== DATA FOR THE TASK

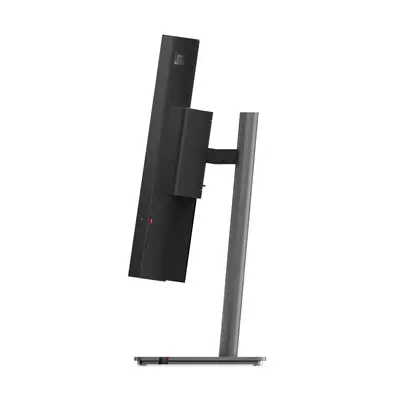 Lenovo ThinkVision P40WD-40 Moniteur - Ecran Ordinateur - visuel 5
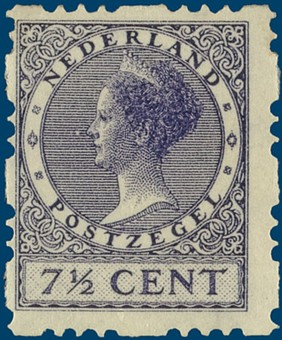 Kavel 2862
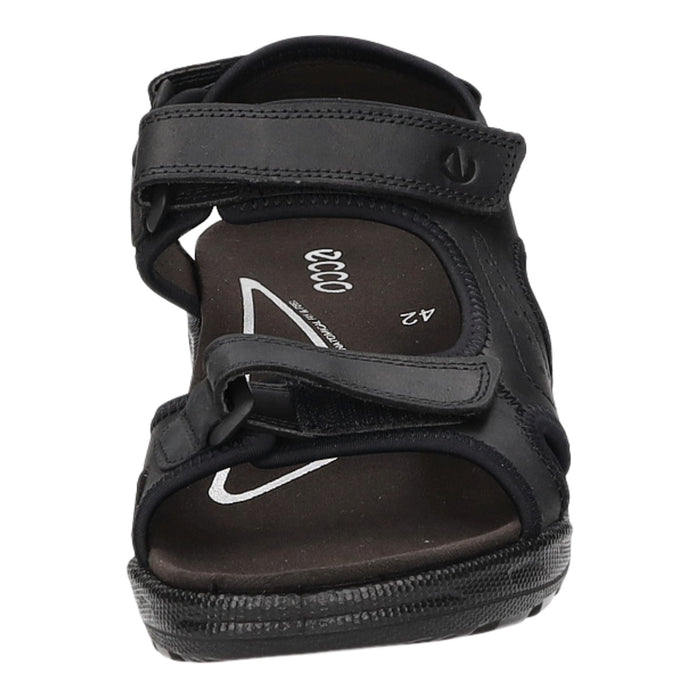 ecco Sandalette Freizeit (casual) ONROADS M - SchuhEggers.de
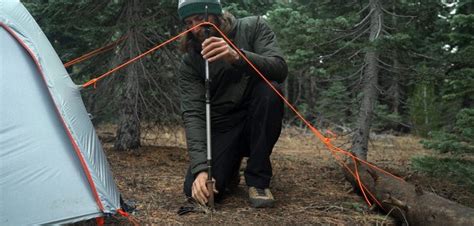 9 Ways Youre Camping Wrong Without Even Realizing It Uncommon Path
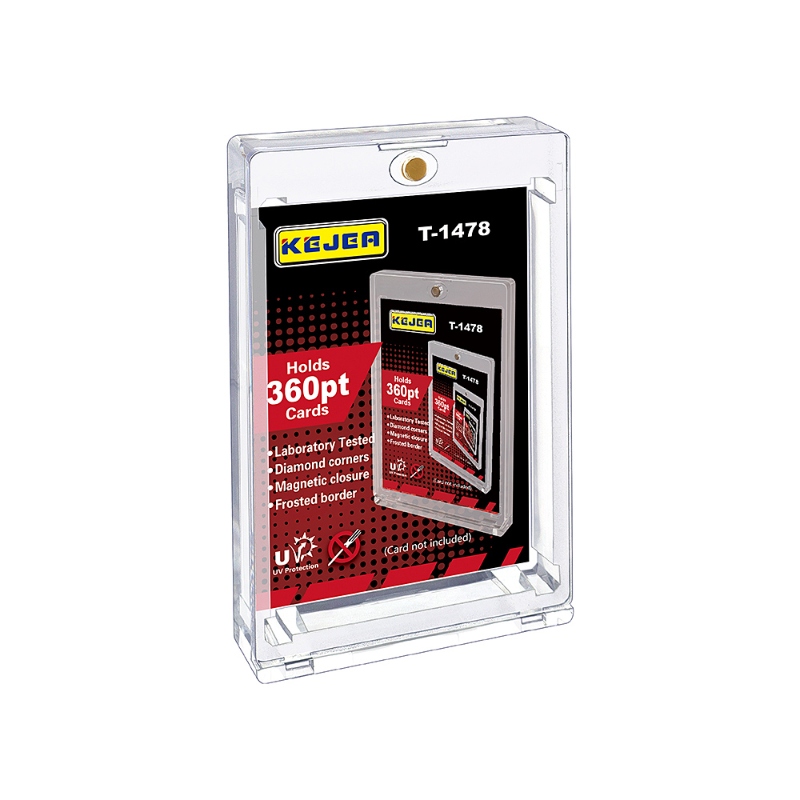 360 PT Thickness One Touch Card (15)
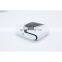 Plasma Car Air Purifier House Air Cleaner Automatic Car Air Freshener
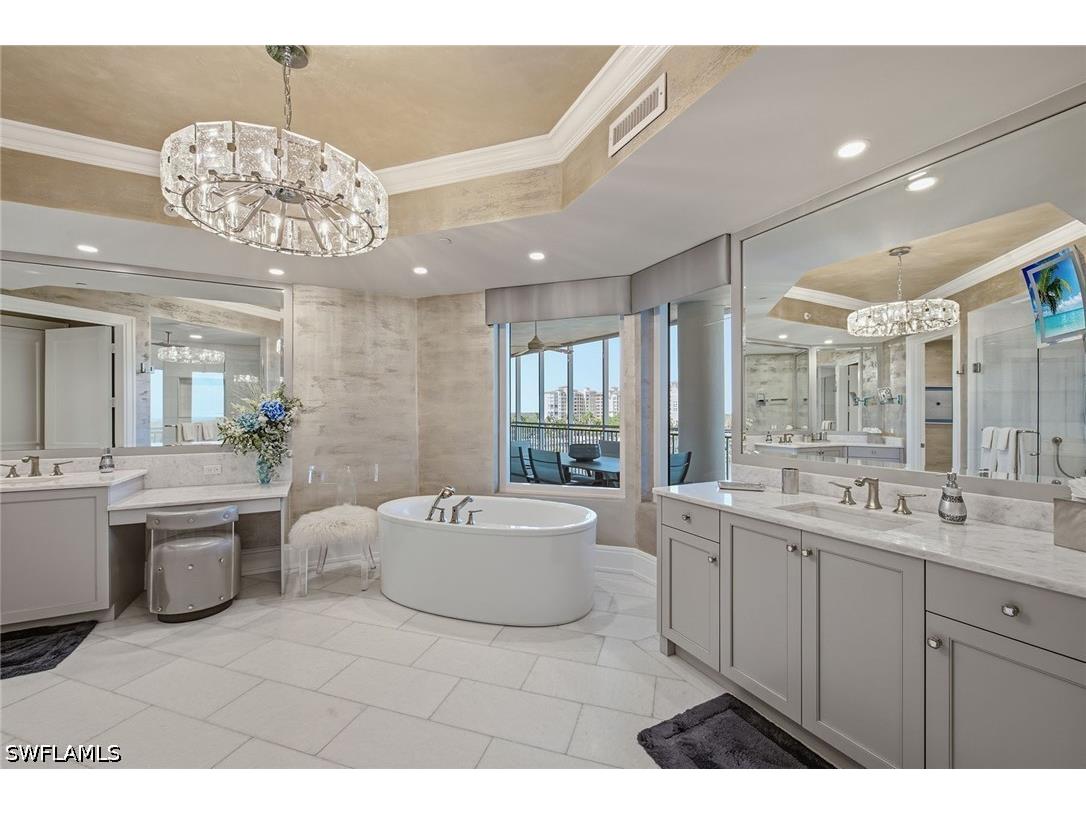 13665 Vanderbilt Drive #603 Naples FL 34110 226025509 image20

====

DESCRIPTION OF THE TASK
Repeat each record exactly, with the pictures left out.

RESULT OF THIS TASK
 Lenovo ThinkVision P40WD-40 Moniteur - Ecran Ordinateur - visuel 5
 Kavel 2862
 ecco Sandalette Freizeit (casual) ONROADS M - SchuhEggers.de
 9 Ways Youre Camping Wrong Without Even Realizing It Uncommon Path
 360 PT Thickness One Touch Card (15)
 Plasma Car Air Purifier House Air Cleaner Automatic Car Air Freshener
 13665 Vanderbilt Drive #603 Naples FL 34110 226025509 image20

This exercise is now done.